24. The Aviary

27 1 0
                                    

Herkes düşünmek için yürümenin iyi geldiğini söyler. Oysa bence uzun yola çıkmak daha etkili. Özellikle de İngiltere'nin muhteşem doğa manzarasına bakıp huzurla genelde boş olan yollarda ilerlemek insanı inanılmaz rahatlatıyor. Alabildiğine yeşil doğa, arada sırada gördüğümüz o güzel kır evleri, bahçeleriyle ilgilenen insanlar ve küçük kasabaların sıcak sevimli kahve dükkanları. Bu saydıklarım kimi iyileştirmez ki?

Winter ile konuşmamızın ardından onda kalmıştım. Ondaki kıyafetlerimi giyince kalmam sorun olmadı. Kararıyla ilgili konuşmak istemiyordu, her ne kadar istemesem de kabul etmek zorundaydım; o kararın en büyük sebebi bendim. Henüz bununla ilgili kavga edemezdim. Onu uzun zaman sonra ilk defa görmüştüm ve kavga etmek yerine ona olan özlemim bitsin istiyordum.

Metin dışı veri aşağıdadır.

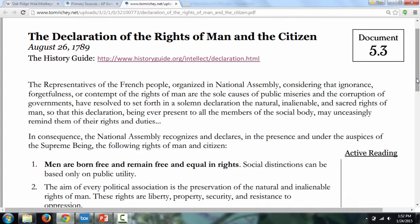We've got the Declaration of the Rights of Man and the Citizen pulled up on my website, TomRitchie.net, if you ever want to take a look at it. It begins with a preamble: 'The representatives of the French people, organized in National Assembly, considering the ignorance, forgetfulness, or contempt of the rights of man as the sole causes of public miseries and the corruption of governments, have resolved to set forth in a solemn declaration the natural, inalienable, and sacred rights of man, so that this declaration, being ever-present to all members of the social body, may unceasingly remind them of their rights and duties.'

O sebeple biraz yalnız kalabileceğimiz bir yere The Cotswolds'a gitmeye karar vermiştik. Bir hafta orada kalacaktık. Daha önce hiç tatil yapamamıştık hem bizim için de iyi olurdu. İki kişi için bir yer baktık ama en sonunda sekiz kişilik bir ev bulduk ve onu tutmak zorunda kaldık.

Arabadan inip içeri girdiğimizde bizi sıcak bir hava karşıladı. Ev çok güzeldi, bir hafta için de çok uygundu. Winter'ın hazırladığı sandviçler ile biraz içecek çıkardık. Hiç konuşmadan yedik beraber. Aramızdaki suskunluk büyüyordu.

"Sırtına ne oldu?"

"Hmm? Anlamadım ne olmuş?"

"İkide bir doğruluyorsun bir sorun var gibi." Son lokmamı çiğniyordum.

"Arabada oldu sanırım uzun süre oturmaktan." Tekrar küçük bir ses çıkardı, canı yanıyordu belli.

"Gel." Yiyeceğini masaya koyup elinden tuttum onu. Sonra da büyük yatak odasına götürdüm. Kazağını çıkardım. Altına siyah atlet ve sütyen giymişti. Çıkarmak için hamle yapınca durdurdu beni.

"Sevişince geçmeyecek."

Bu cümlesi ilişkimizin ilk zamanlarını hatırlattı bana. Elimde olmadan gülümsedim. "Biliyorum. Sırtına kremle masaj yapacağım. Merak etme ağrı kesici krem."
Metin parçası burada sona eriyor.